会社生活を駆け抜け(た)日々

55歳でひとまず会社生活に区切りを付けたその後の日々

50を過ぎたら楽になるか?

こんにちは、curiosです。


私は今年で55歳です。そしてこのまま行けば初めて療養で一年間過ごすことになります。


病状の方は一進一退という所で、先日心療内科に診察を受けに行った際、先生にどうですか?と聞かれ、


『秋になってなんだか落ちてしまったみたいです。ウォーキングもやる気になりません』


と正直に言いました。先月まではやる気が出ていたみたいなので、季節の変わり目の一時的な不調ですね、と結論されました。決して責めるようなことは言わず、病状を見守ってくれているという感じがありがたかったです。


55歳になって初めてこんな状況に陥り、人の行く末なんて誰にもわからない、と思いました。よく40を過ぎれば他人の考えに惑わされなくなる、とか、50を過ぎれば人生が楽になる、なんて言いますが、それは誰かがそう言ってみた、というだけのことで、惑わされたり、迷ったりする人の方が圧倒的なんじゃないでしょうか?


でもこの歳になって迷わなくなったことがひとつだけあります。それは『死生観』です。またダークでスピリチュアルな話になるので、興味の無い方は飛ばして頂ければ幸いです。


私は若い頃、死のことばかり考えていました。なんで人間は生きるんだろう?そして死ななければならないのだろう?それは恐怖ですらありました。まだ人生は始まったばかりだというのに、頭のなかは、人はいつかは死ぬんだという観念で一杯になっていました。


そうしてどうしようもなく厭世的になり、社会生活にも支障を来していました。どうせ死ぬんだろう、という諦念のようなものが先に出てしまって、その年齢相応の振舞いをすることが出来なかった。何処へ行ってもなんかクライ奴と言われ、その煽りを受けてますます卑屈になって行きました。


ですがそれでも社会生活を長く続けていると、ある程度の順応性というのは出て来ました。
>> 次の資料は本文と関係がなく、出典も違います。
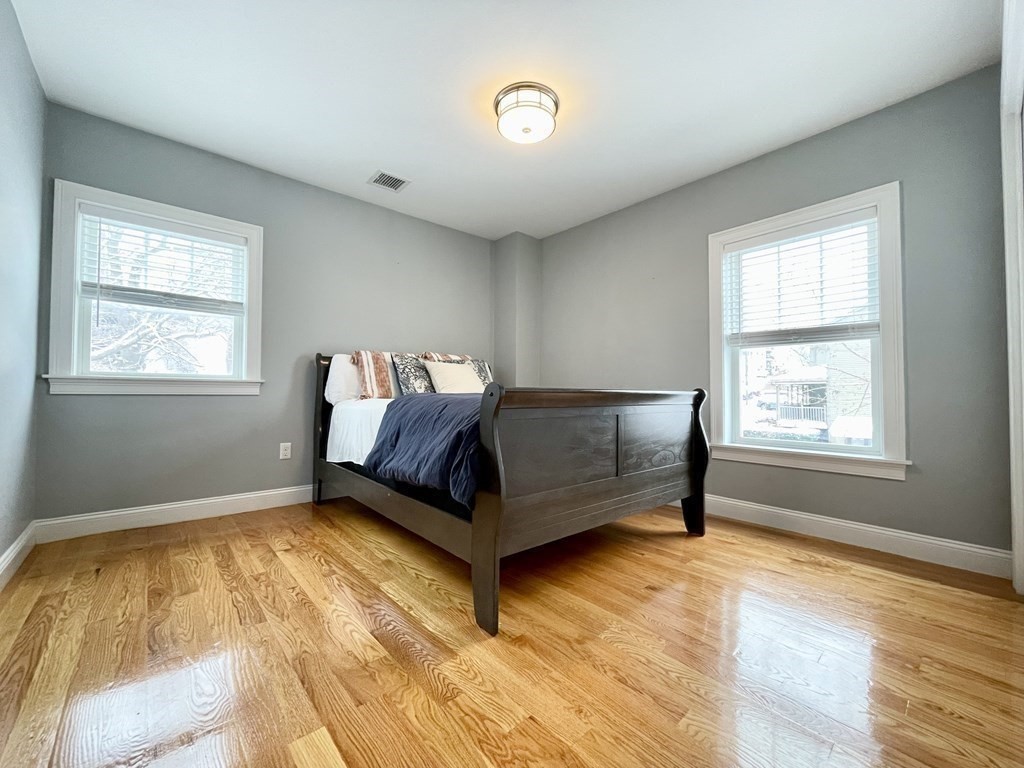 148 Pearl Ave, Revere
表面的には周りの人と合わせられるようになり、波風が出来るだけ立たないように振舞うことも出来るようになった。結局、人生というのは長距離走なので、そんなに気張っても最後まで持たない、というのが分かって来たのです。


そしていつの間にか、死への恐怖というのも薄らいでいました。そして悩んだ末の結論として、『全ての生命は死ぬが、その身体は循環し、新しい生命となって再生する』という当たり前の事実を受け入れることとなりました。


死を完全には忘れ去るまでには至りませんでしたが、過剰なまでの恐怖は無くなりました。


キャンプなどに行って、自然のなかに身を置くと、その生命の死から再生までの循環が身近に感じられます。秋に枯れる草は、その身に穂を蓄え、新しい季節の到来を待ちます。なんの疑問もなく、そのサイクルを繰り返します。


人間も、そのサイクルを遂行している同じ生命体なのです。だからいたずらに死を恐れる必要はないということです。そのことに気が付くまで、えらい時間が掛かってしまいましたが(笑)。


だから自分は年を重ねることがまったく苦にはなりません。むしろその事実を知って、年を取るのが嬉しくなりました。自分は確実に、悟りの境地のようなものに向かっているということです。


50を過ぎたら楽になる、とは言えないけど、いつか確実に楽になれる時が来る、ということは言えると思います。